### EXERCISE DIRECTIONS
Give a faithful, exact copy of all entries, minus the images.

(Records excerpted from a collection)
■ ■ ■ ■

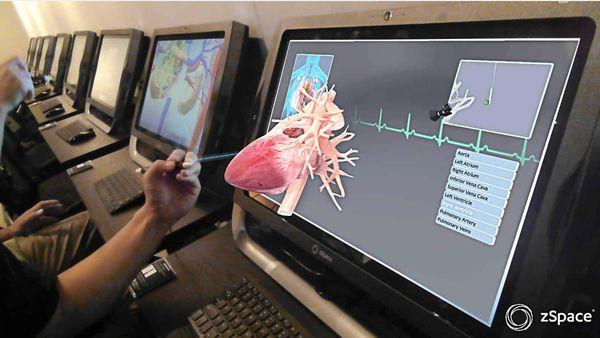 The Virtual Reality Lab allows students to learn the inner-workings of human anatomy.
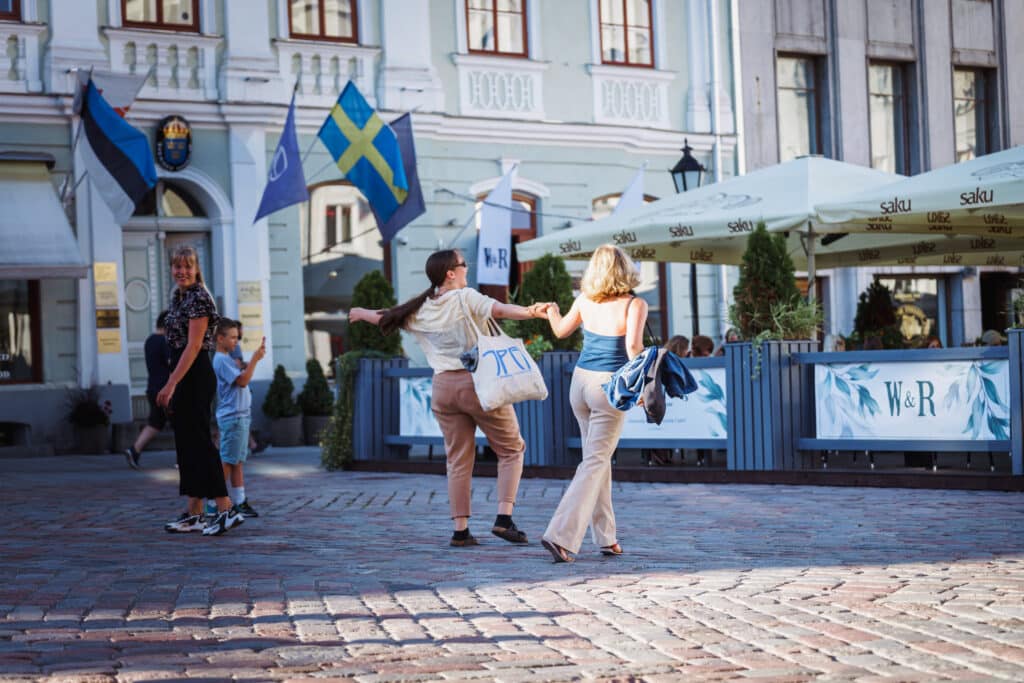 tartu-raekoja-plats-013-visit-estonia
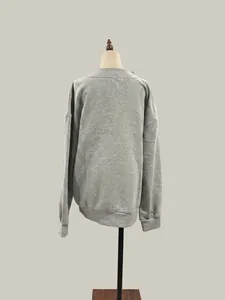 Vista trasera de una sudadera gris holgada con cuello en V en un almacén de stock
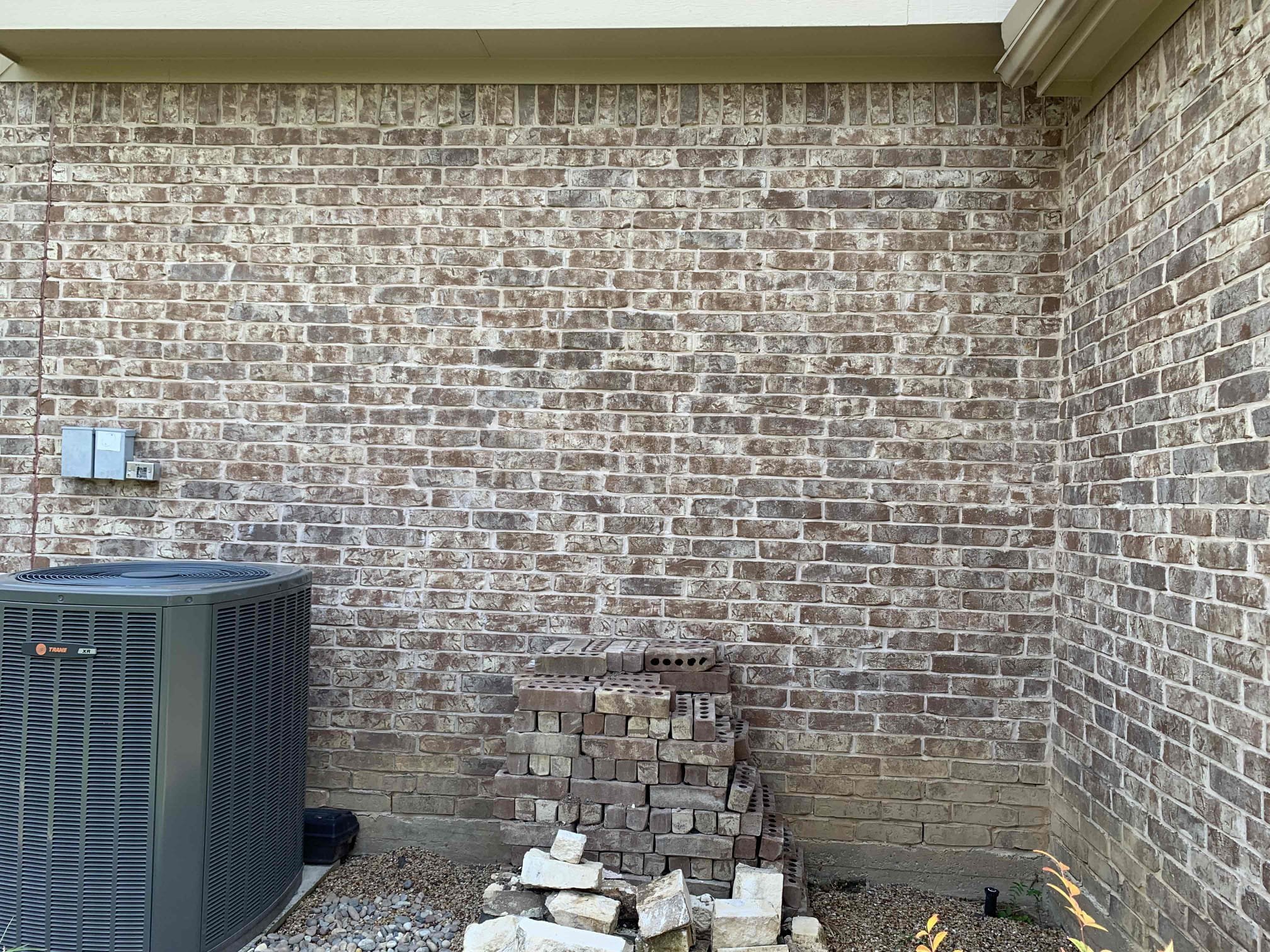 Allen, TX - Customer was wanting air vent into garage addition. Unable to access duct work to tap into existing system. Only option is a mini split. Office is putting together an estimate to install mini split. Will send over estimate attached to invoice. 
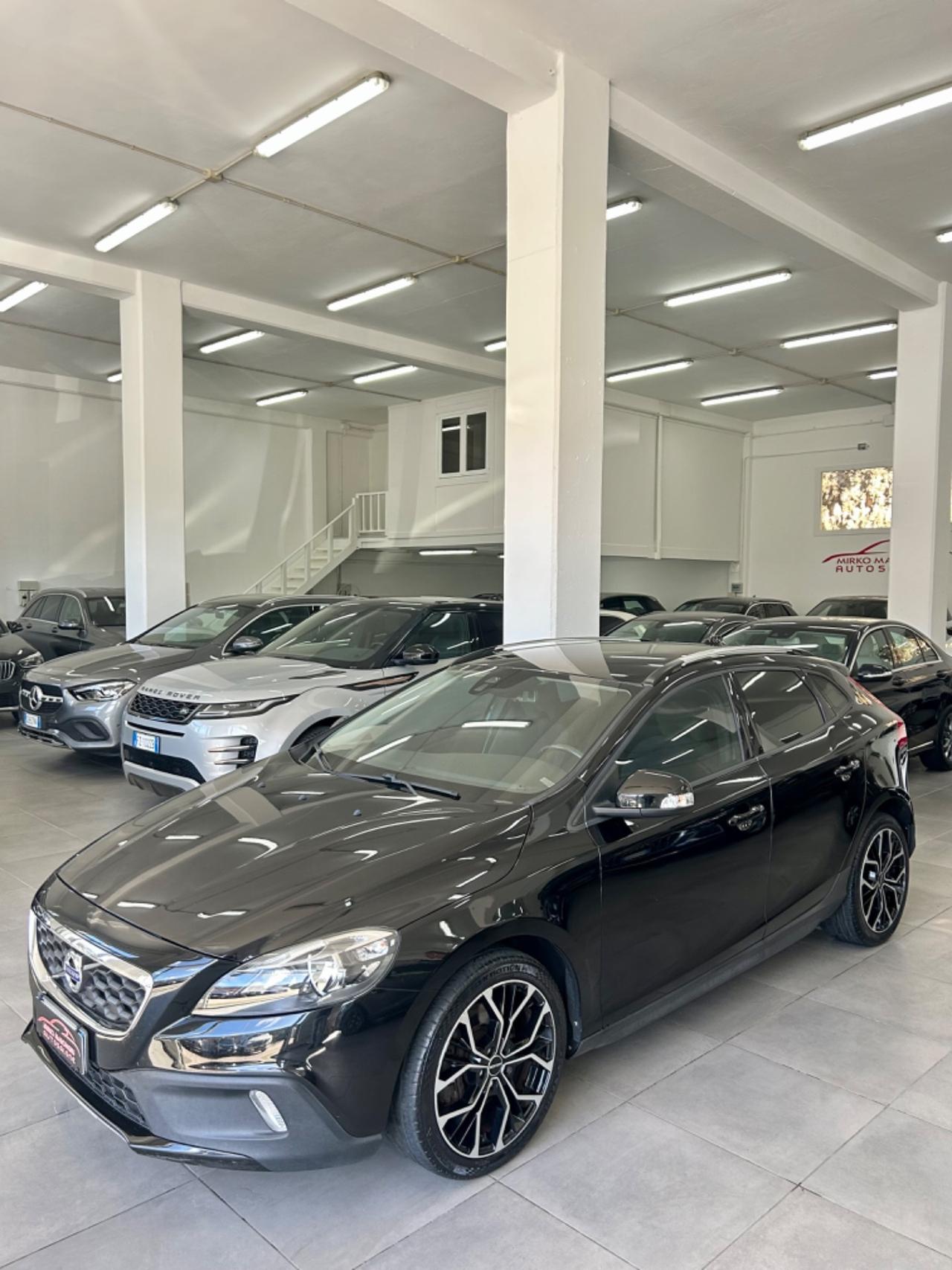 Volvo V40 Cross Country D2 FINANZIABILE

■ ■ ■ ■

### ANSWER TO THIS PROBLEM
 The Virtual Reality Lab allows students to learn the inner-workings of human anatomy.
 tartu-raekoja-plats-013-visit-estonia
 Vista trasera de una sudadera gris holgada con cuello en V en un almacén de stock
 Allen, TX - Customer was wanting air vent into garage addition. Unable to access duct work to tap into existing system. Only option is a mini split. Office is putting together an estimate to install mini split. Will send over estimate attached to invoice. 
 Volvo V40 Cross Country D2 FINANZIABILE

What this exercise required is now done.